“AN AMERICAN PICKLE” My rating: B- (HBO Max)
90 minutes | MPAA rating: PG-13
Before bogging down in a flabby middle section, HBO’s “An American Pickle” (aka “In A Pickle”) establishes itself as a gonzo comedy with more than a little soul.
The time-travel fantasy offers Seth Rogen in non-stoner mode as both a turn-of-the-last-century Eastern European Jew and as his modern great-great grandson.
Putting aside the complexities of filming this double performance (it was shot in two phases to give Rogen a time to grow a luxurious Tevye-type beard), “American Pickle” shows the slacker funny man has some serious acting chops.
In a beautifully filmed prologue (using a square-frame format and pastel palette that evokes the earliest color photography) we witness the early life of Herschel (Rogen), a Jewish ditch digger in some Eastern European backwater circa 1919.

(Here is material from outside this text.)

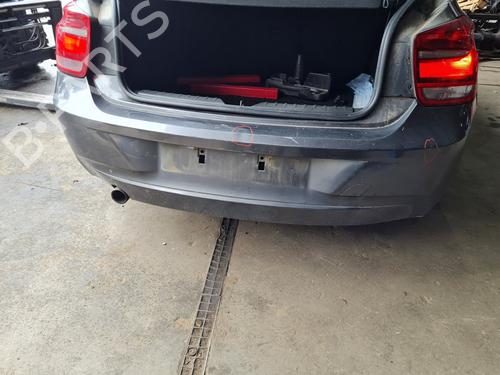 Used Rear bumper BMW 1 (F20) 118 d (143 hp) 21655198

In a sweetly comic passage Herschel woos and weds Sarah (Sara Snook of HBO’s “Succession”); they then hop a boat to America where Herschel gets a job killing rats in a pickle factory and looks forward to the birth of their first child.
He dies in an industrial accident, falling into a vat of brine. Before anybody notices that Herschel is gone, the factory is shuttered. One hundred years later he awakens, perfectly preserved by the pickle juice.
What follows is both a fish-out-of-water yarn and a sort of dysfunctional family reunion. Herschel is united with his one living relation, great-grandson Ben (Rogen again), a dweeby app developer whose lack of success flies in the face of Herschel’s longheld belief that their family is destined for greatness.
When it becomes clear that the ineffectual Ben is a long shot for success, Herschel goes back to doing what he knows…pickles. He snaps up all the cucumbers at his local Brooklyn market and starts his own artisanal pickle company…much to the delight of his trendy millennial neighbors.
These early passages are terrific, dishing droll dialogue and amusing observations on the Jewish psyche.
At some point, though, “An American Pickle” (the script is by Simon Rich, the direction by Brandon Trost) runs out of steam and becomes bogged down in the Herschel/Ben conflict.
The good news is that it redeems itself in its final moments, returning to the sweet silliness that characterized the earliest passages.
Do I smell an Emmy nomination in Rogen’s future?